A source says the blowback goes beyond just teaching Williams a lesson about trying to jump ahead too quickly. It’s less about brown or black and more about green, the source says. And there are lots of moving parts, including:

– Keeping Council Speaker Christine Quinn and her mayoral ambitions insulated from attacks by progressives who want to push hot-button issues like paid sick leave.

– Not ticking off Quinn, who controls the money members get for use in their own districts.

– A possible turf battle between Councilwomen Melissa Mark-Viverito and Inez Dickens for the speakership in 2013.

A Dickens rep said the Harlem lawmaker considers it “very unfortunate” that the inner workings of the caucus have been spotlighted in the media.

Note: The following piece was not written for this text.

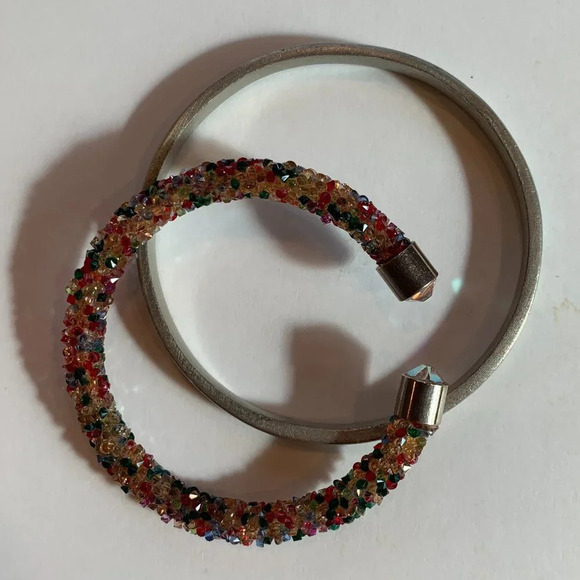 Psalm 91:11 Bible Verse Bracelet Bundle with Adjustable Crystal Bangle Silver - Picture 3 of 6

The rep said Dickens won’t make her vote or her role in the nominations, if any, public – but noted the councilwoman is “very impressed” by the work Wills has done since his win in the Queens special election to fill the seat of late Councilman Thomas White Jr.

Mark-Viverito, who has served as vice co-chairwoman with Williams, said: “I feel he’s very capable in that position, and that’s why I will continue to endorse him. I think he’s passionate about the issues that are important to the black, Latino and Asian majority in this city.”

The vote is set for Wednesday.

When reps from the 70,000- plus-member SEIU 32BJ, New York‘s biggest private-sector union, go to Albany to give their two cents about Gov. Cuomo’s budget proposal today, they’ll raise an issue that has roiled New York City without any conclusion: The concept of a so-called living wage.

If taxpayer money is being used to fund a project, the workers hired should get a fair wage, advocates say.

“Including wage standards in our economic development programs will help workers, revitalize local economic activity and ease the strain on our state’s fiscal deficit by moving working New Yorkers off of public assistance,” 32BJ Vice President Kevin Doyle will testify.

Here in the city, despite heavy pressure from unions and sympathetic lawmakers, living-wage laws have not been passed. Proponents call it a moral imperative and a fair use of public dollars.

Mayor Bloomberg has argued that it will make New York unattractive to developers who want to invest in areas where the labor pool is most amenable.

Will Cuomo go for it? Hard to say. A spokesman responded in the most general of terms: “Gov. Cuomo’s absolute focus and the ultimate goal of his entire economic agenda is to create good-paying jobs for all New Yorkers in every region of the state.”